Jean V Charles, Count Snoy et d'Oppuers | |
Birth Place: | Braine-l'Alleud |
Death Date: | Ophain-Bois-Seigneur-Isaac |
Nationality: | Belgian |
Known For: | Minister and mayor of Ophain-Bois-Seigneur-Isaac |
Occupation: | politician |
Jean V Charles, Count Snoy et d'Oppuers (2 July 1907 in Braine-l'Alleud - 17 May 1991) was a Belgian civil servant, diplomat and Christian Democratic politician of the PSC-CVP.
See main article: House of Snoy. Jean-Charles was born son of Thierry Idesbald, Baron Snoy et d'Oppuers member of the Belgian Senate, mayor and Jacqueline de Pret Roose de Calesberg. He married Countess Nathalie d'Alcantara and they lived at the Snoy family estate, the Castle of Bois-Seigneur-Isaac.

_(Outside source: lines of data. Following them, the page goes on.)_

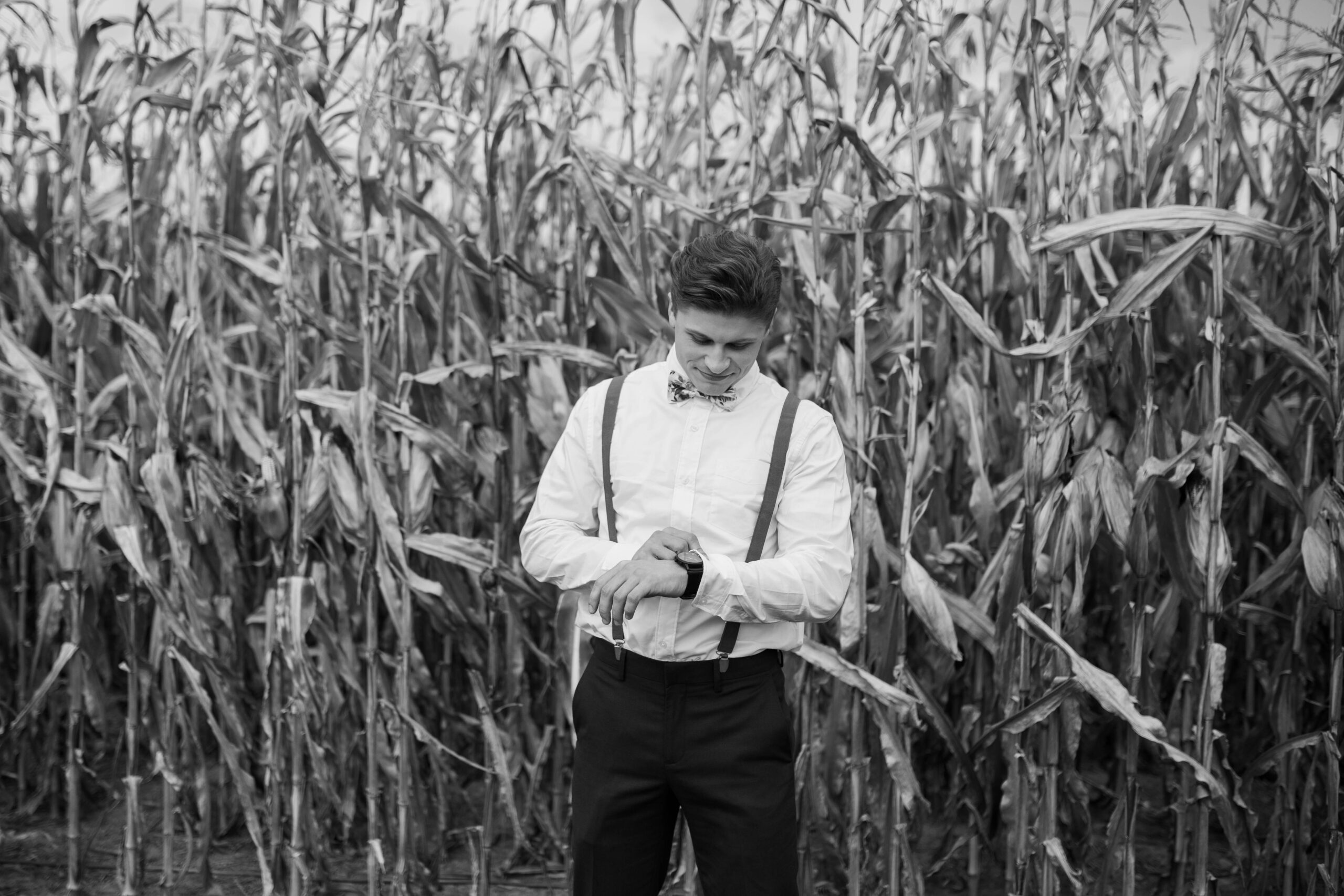 groom chelsea carrizales photography michigan wedding photographer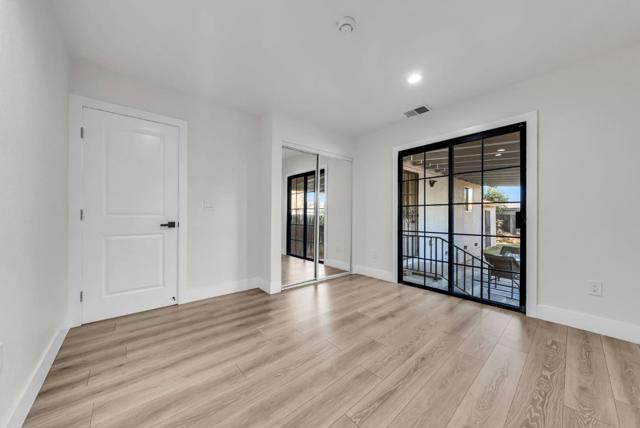 1539 E San Fernando Street, San Jose CA: https://media.crmls.org/mediaz/7ab94307-8700-4a62-9975-f43fb250f428.jpg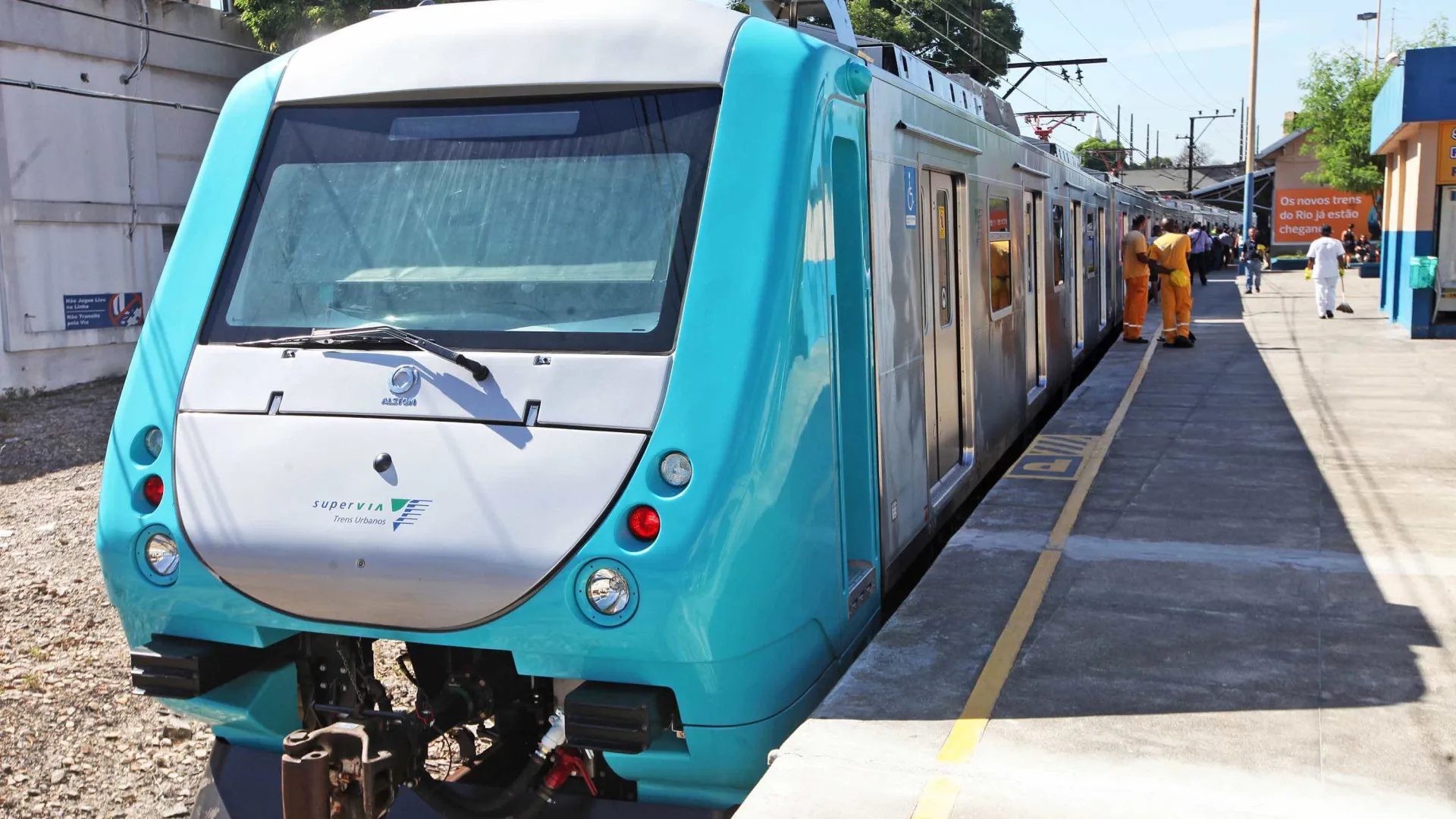 Adolescente é eletrocutado ao viajar em cima de trem no Rio - img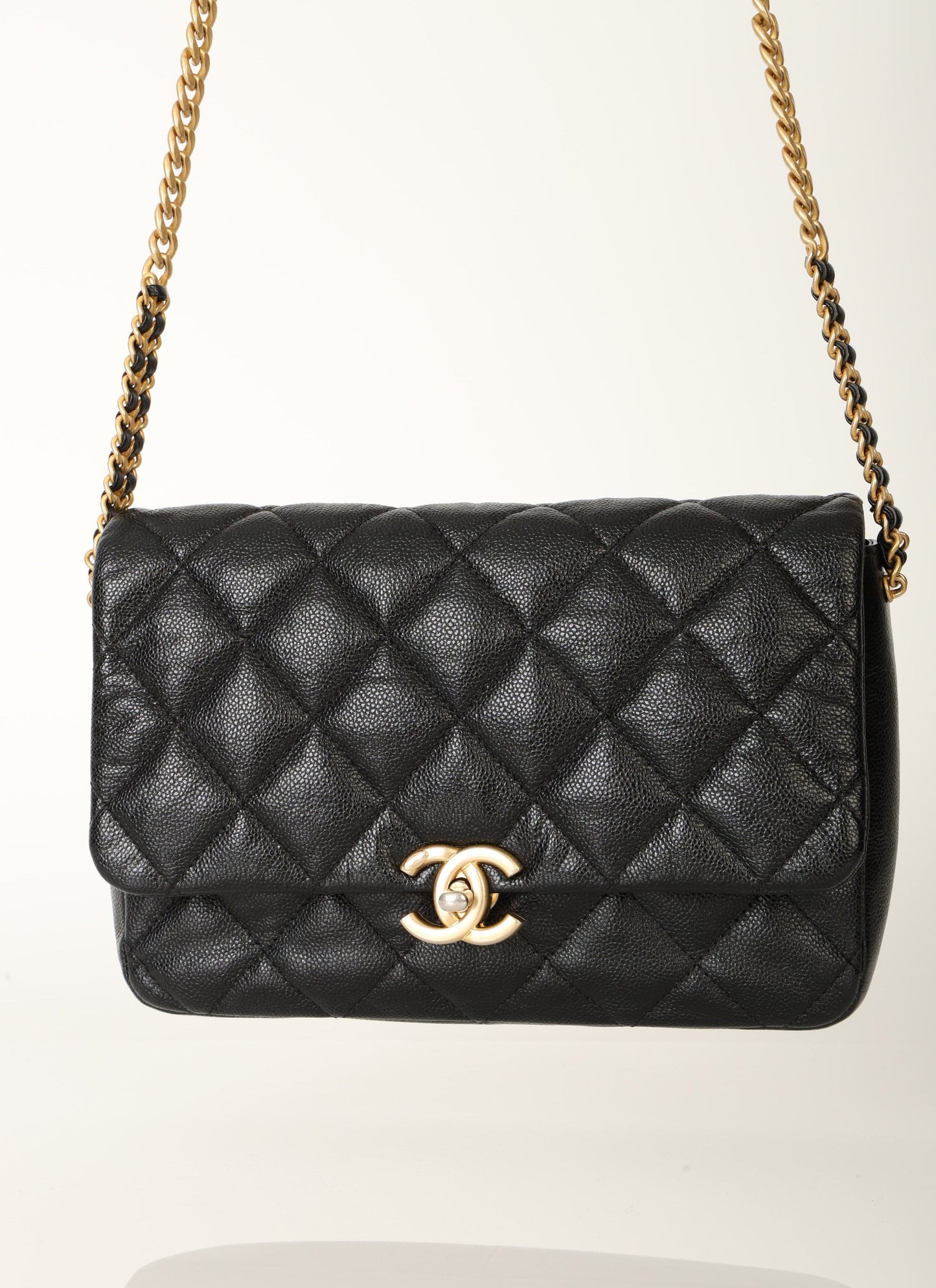 Chanel 22P Caviar Large Melody Flap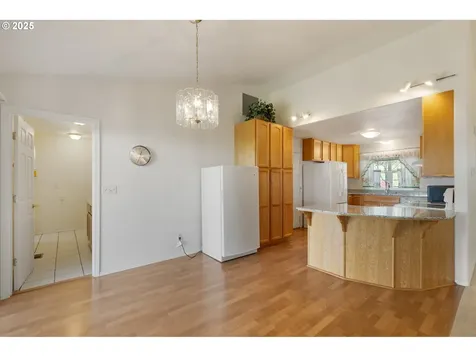 931 Locust Street Oakland OR 97462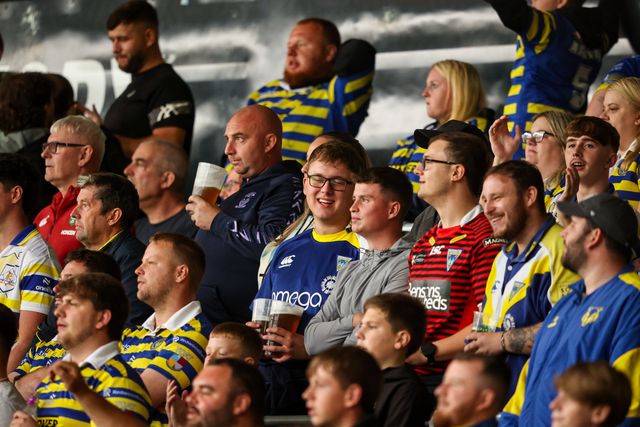 Warrington fans celebrate a try during the Betfred Super League round 25 match Hull FC vs Warrington Wolves at MKM Stadium, Hull, United Kingdom on 29 August 2026

(Photo by Alfie Cosgrove/News Images)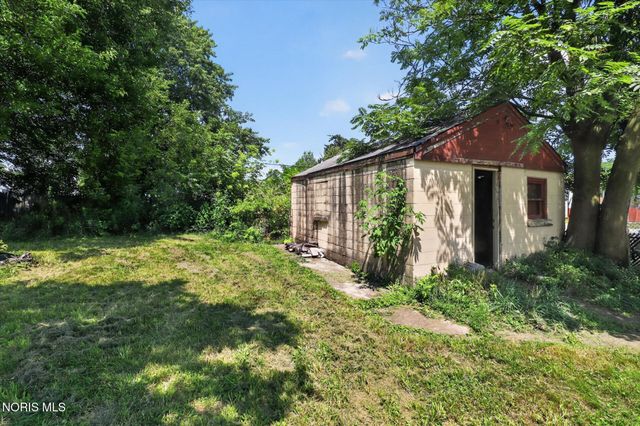 735 Russell Street, Toledo, OH 43608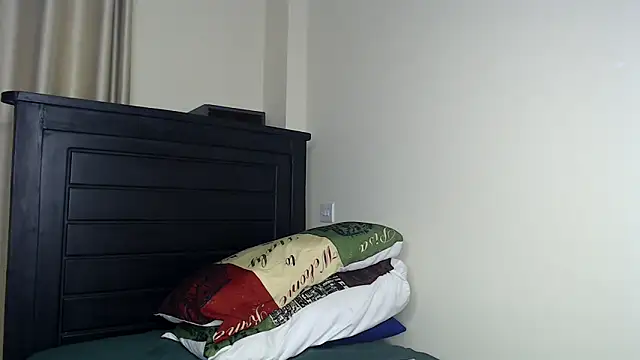 Snapshot of NIKKIE_LOVE chatting on December 2025 04:41:01 AM NIKKIE LOVE online show from December 2025 04:41:01 AM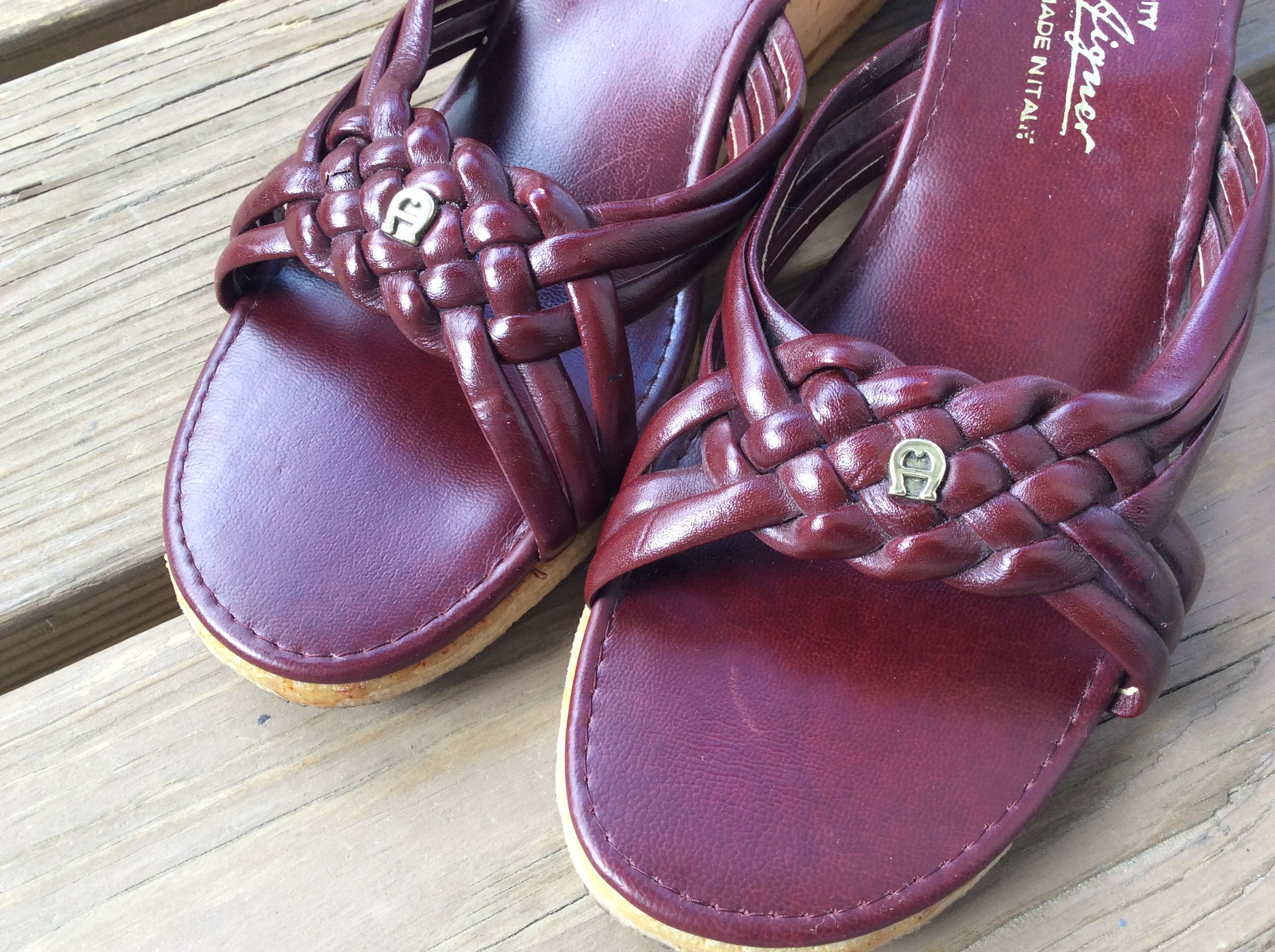 Vintage aigner hotsell sandals
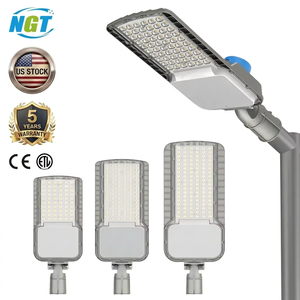 Éclairage public LED 200W 150W 100W pour parkings, éclairage commercial et industriel, lampadaires extérieurs, lampadaires de type Shoebox - Product Image 1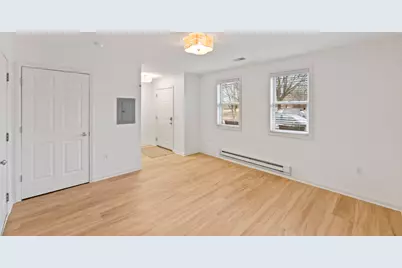 208 E Reservoir Ave, Milwaukee, WI 53212 - Photo 32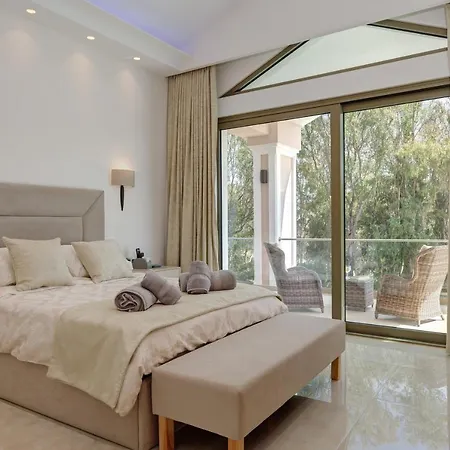 Bella - Stunning 5 Bedroom With Pool Villa *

He studied Law and Thomistic philosophy at the Catholic University of Leuven. He was Secretary-General of the Belgian Ministry of Economic Affairs and Head of the Belgian Delegation to the Intergovernmental Conference on the Common Market and Euratom at the Château of Val-Duchesse in 1956. He notably signed the Treaties of Rome for Belgium, together with Paul-Henri Spaak and Robert Rothschild in 1957. He was Minister of Finance from 1968 to 1971. From 1982 until 1984, he was President of the European League for Economic Cooperation. He was a member of the Steering Committee of the Bilderberg Group.[1]